▸ **GIVEN RECORDS**

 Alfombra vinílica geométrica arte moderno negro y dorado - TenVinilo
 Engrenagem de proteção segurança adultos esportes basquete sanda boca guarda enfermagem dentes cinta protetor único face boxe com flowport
* * *
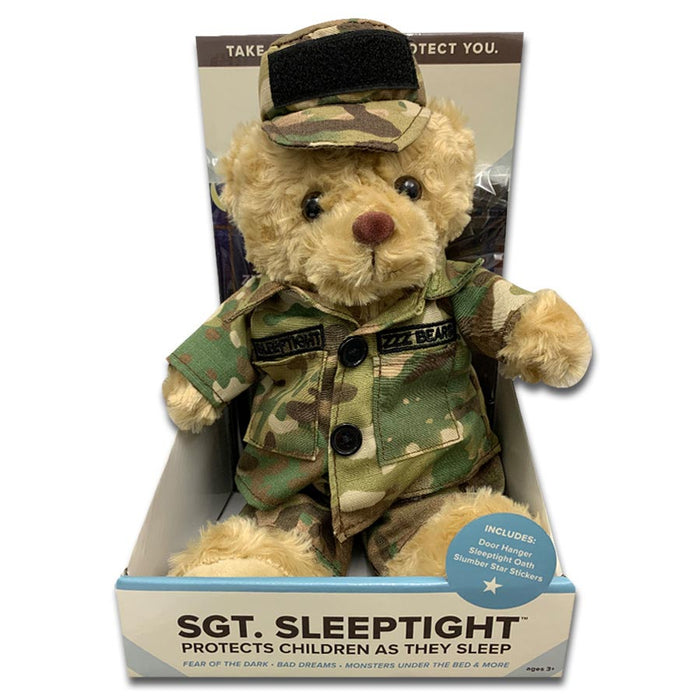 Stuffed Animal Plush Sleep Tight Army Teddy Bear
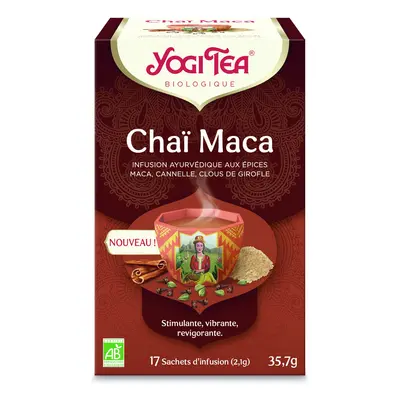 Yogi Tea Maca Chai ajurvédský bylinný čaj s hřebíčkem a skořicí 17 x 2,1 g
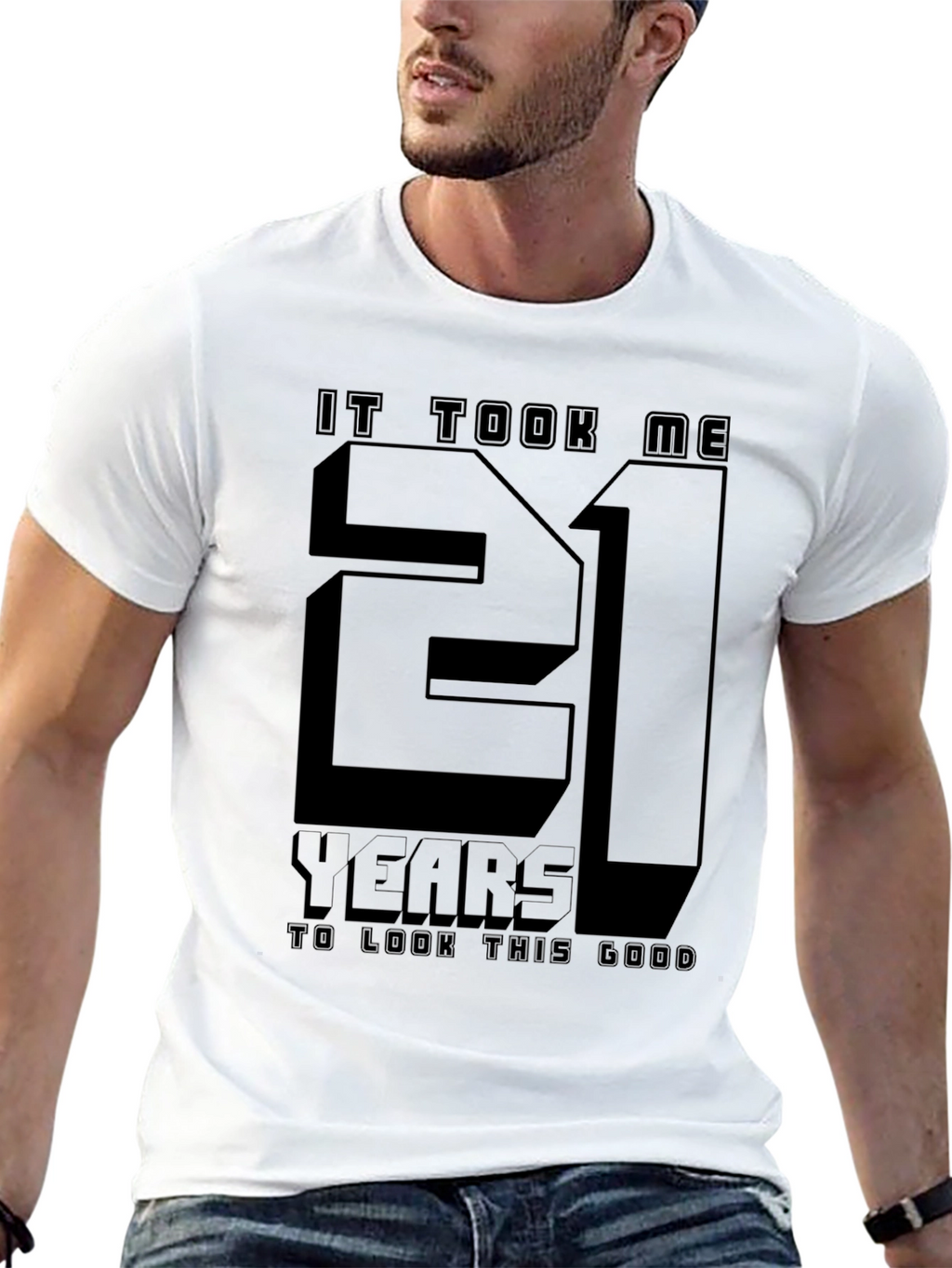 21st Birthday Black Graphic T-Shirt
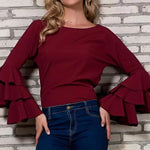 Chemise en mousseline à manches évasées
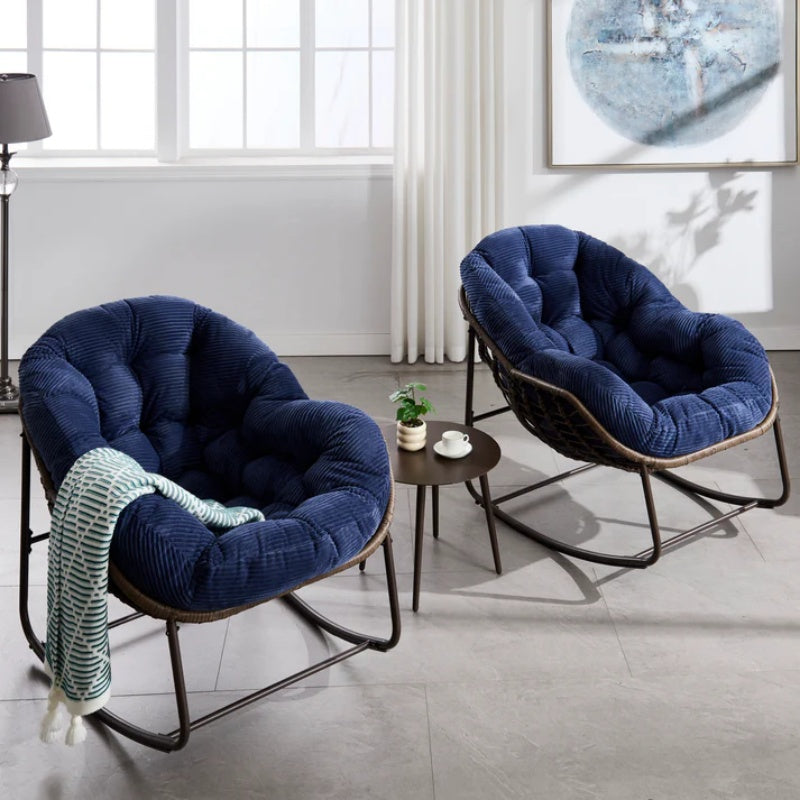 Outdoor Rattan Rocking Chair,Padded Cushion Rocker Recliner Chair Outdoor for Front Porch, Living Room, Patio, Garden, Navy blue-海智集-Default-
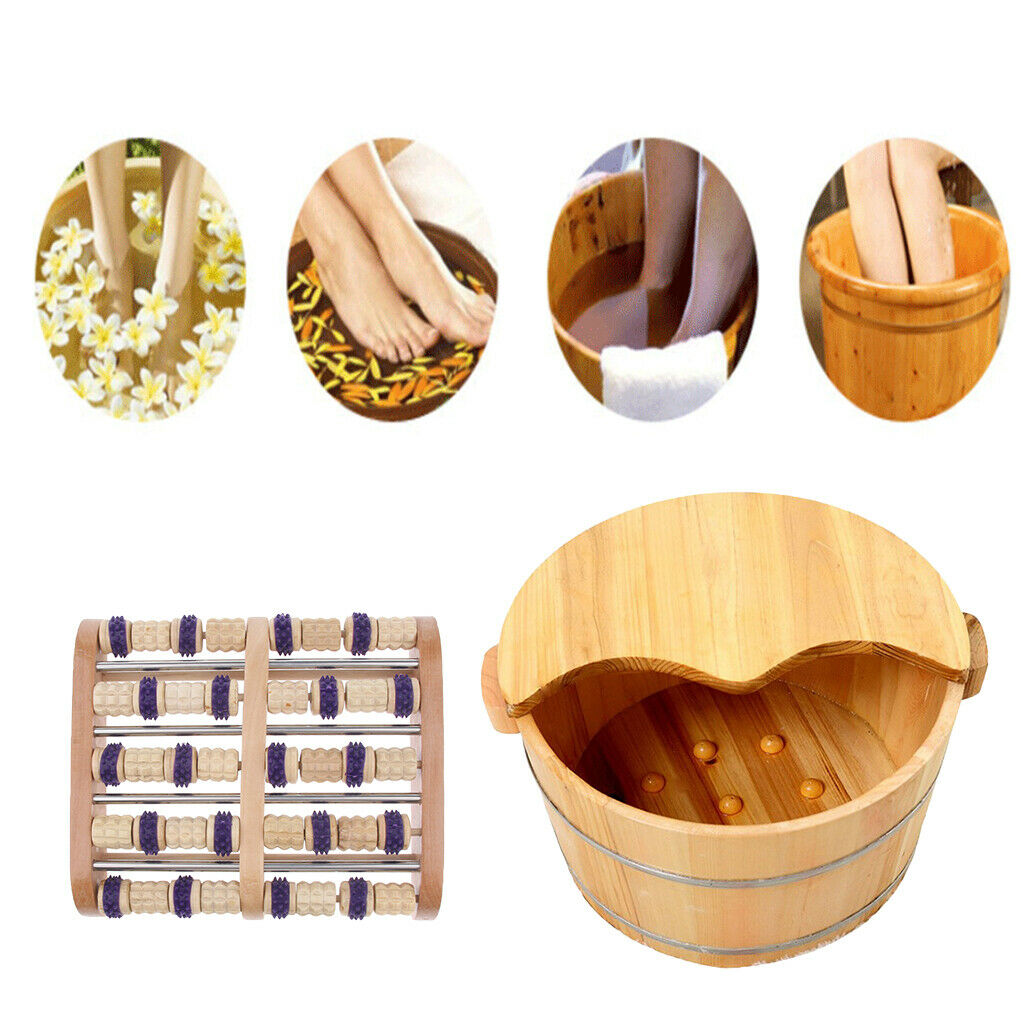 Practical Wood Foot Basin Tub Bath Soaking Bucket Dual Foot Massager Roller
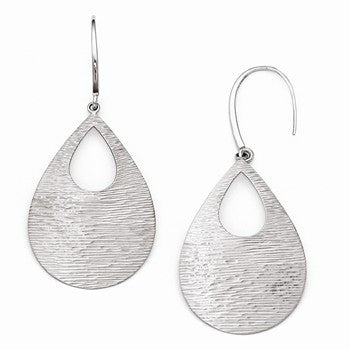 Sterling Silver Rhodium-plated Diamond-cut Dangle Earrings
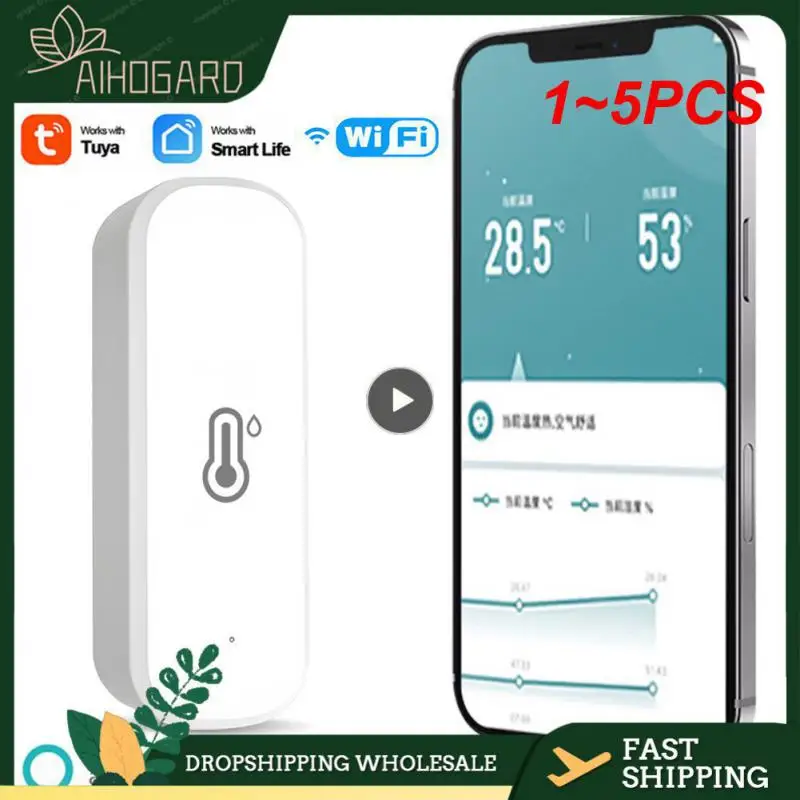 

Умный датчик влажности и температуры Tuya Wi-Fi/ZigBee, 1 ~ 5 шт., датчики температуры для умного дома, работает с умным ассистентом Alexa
==
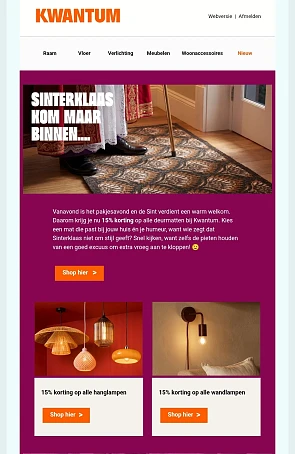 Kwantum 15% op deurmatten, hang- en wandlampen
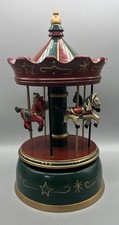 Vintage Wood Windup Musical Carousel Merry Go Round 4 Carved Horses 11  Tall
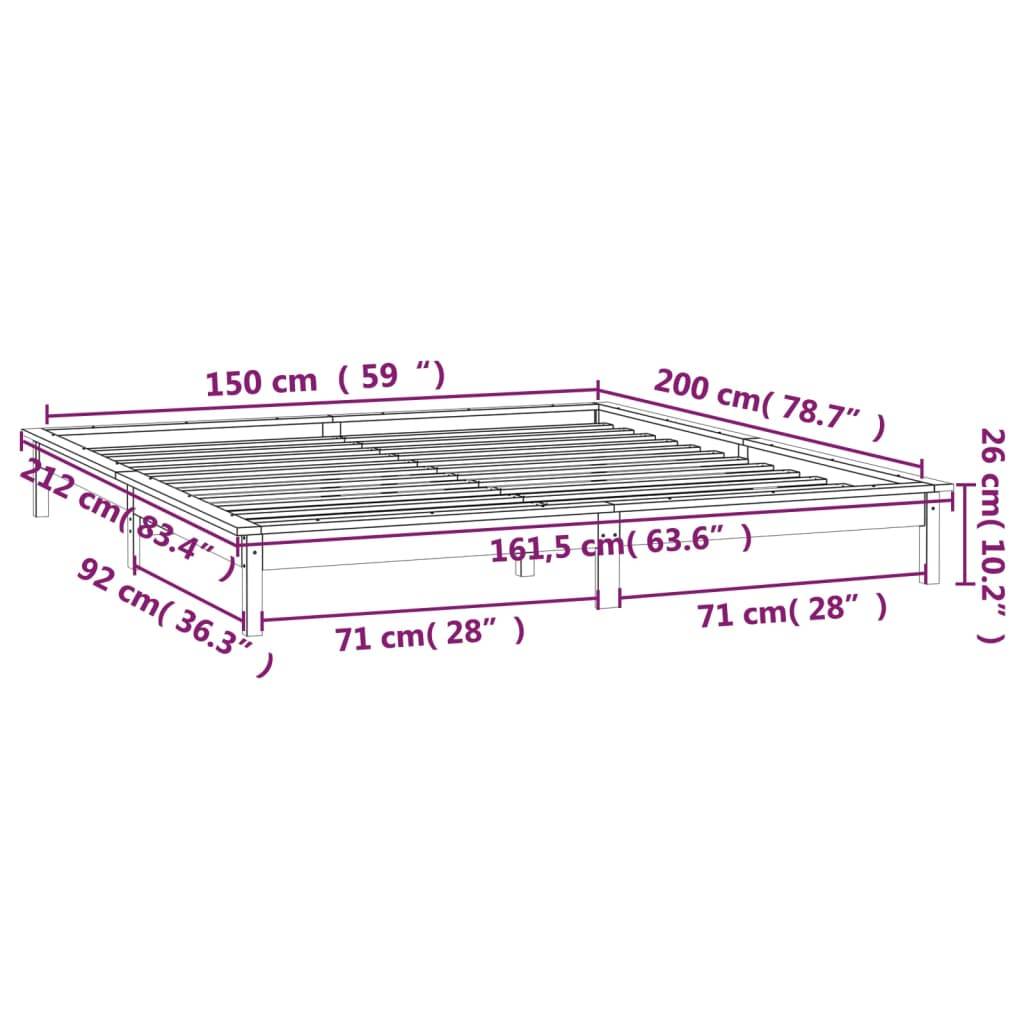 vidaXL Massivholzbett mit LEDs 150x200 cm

▸ **WHAT IS BEING ASKED**
Make an exact copy of the lines above, beginning with the line with "Practical Wood Foot" and ending with the line with "Умный датчик влажности", and keep the pictures out of it.

▸ **SOLVED PROBLEM**
 Practical Wood Foot Basin Tub Bath Soaking Bucket Dual Foot Massager Roller
 Sterling Silver Rhodium-plated Diamond-cut Dangle Earrings

Умный датчик влажности и температуры Tuya Wi-Fi/ZigBee, 1 ~ 5 шт., датчики температуры для умного дома, работает с умным ассистентом Alexa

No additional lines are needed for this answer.